Le réchauffement mondial du climat semble avéré. En revanche, l'importance de la responsabilité humaine est plus incertaine. Selon les participants aux «grèves scolaires pour le climat», l'homme y est pour beaucoup, ce qui signifie, a contrario, qu'il peut réagir et rectifier le cours des choses.
Spontanément, on se dit qu'un problème mondial appelle une action mondiale, avec des lois mondiales et une force mondiale pour les faire respecter. Dans son livre «Engagez-vous!», Stéphane Hessel prévoyait déjà une OME, une Organisation mondiale pour l'environnement, à laquelle les autres organisations mondiales devraient rendre des comptes. Cette concentration mondiale de l'action et de la décision apparaît à beaucoup comme d'autant plus nécessaire que le temps presse. Des équilibres majeurs sont rompus. Des lacs s'assèchent. Les pôles fondent. Pour certaines espèces animales et végétales, il est déjà trop tard.
La perspective d'un changement d'échelle et d'un pouvoir unique nourrit l'espoir d'une action universelle, rationnelle, rapide, efficace et transparente, dégagée des pesanteurs bureaucratiques, des intérêts égoïstes et des luttes entre les Etats. Mais en réalité, si les responsables mondiaux sont désignés démocratiquement, il est très vraisemblable que nous aurons affaire aux même partis – avec un échelon de plus – et aux mêmes politiciens, ceux qui gouvernent actuellement, avec l'évolution climatique que l'on sait.
Et puis, d'autres urgences sont présentes dans les esprits, urgences politiques, sociales, morales, économiques. Ceux qui s'en occupent ne verront, dans le combat climatique mondial, qu'un nouveau terrain d'action. On nous rétorquera que le souci climatique est prioritaire, car si la planète meurt, les autres urgences n'auront plus de raison d'être. Le raisonnement peut se tenir, mais peut-il convaincre? La plupart des gens arrivent bien à se dissimuler, à coups de futilités, la réalité de leur propre mort, pourtant inévitable, et cent fois plus évidente et proche que celle de la planète terre.

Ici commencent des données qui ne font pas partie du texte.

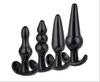 Plugue Anal Quatro Peças Backcourt Silicone Anal Plug Anal Contas frisadas Aparelho de masturbação feminina Sexo Adulto Suprimentos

Surtout, on constate que, jusqu'à aujourd'hui, toutes les formes de mondialisation nous ont toujours entraînés vers plus de pouvoirs non politiques, plus d'opacité en ce qui concerne les décideurs et les décisions, plus de pressions sur les petits Etats et les petites entreprises, en un mot, plus de désordre. En mondialisant la politique climatique, on ne fera qu'ajouter à ce désordre.

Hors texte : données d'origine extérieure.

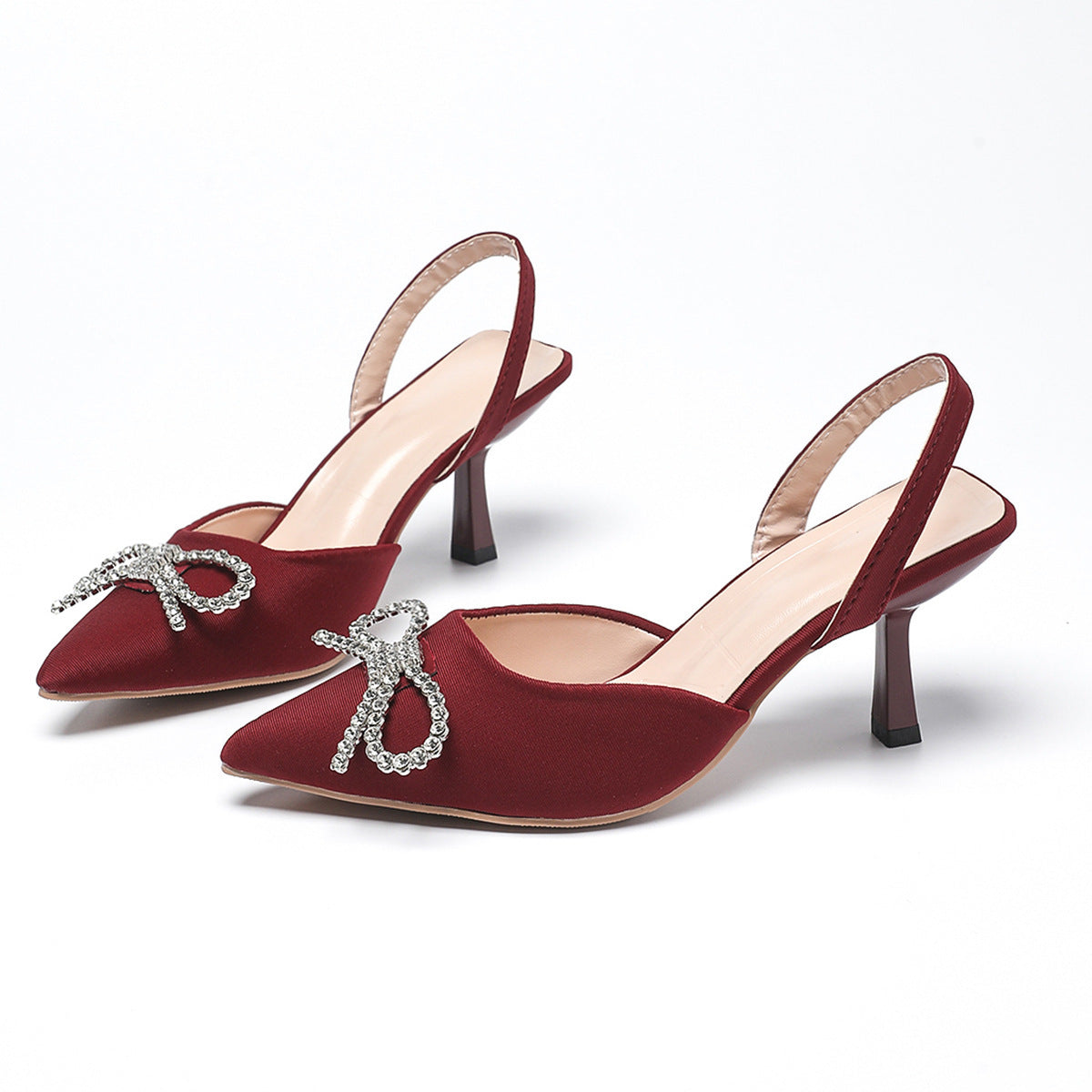 Damen Slingback-Pumps mit funkelndem Schleifen-Detail R&B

Cela signifie, non pas qu'on ne peut rien faire, mais que le cadre mondial n'est pas le cadre d'action adéquat. Les situations concrètes étant différentes, les peuples étant différents, il faut à chacun d'entre eux une politique conforme à son génie propre et des lois qu'il comprendra et acceptera. Le problème est mondial, les solutions restent nationales.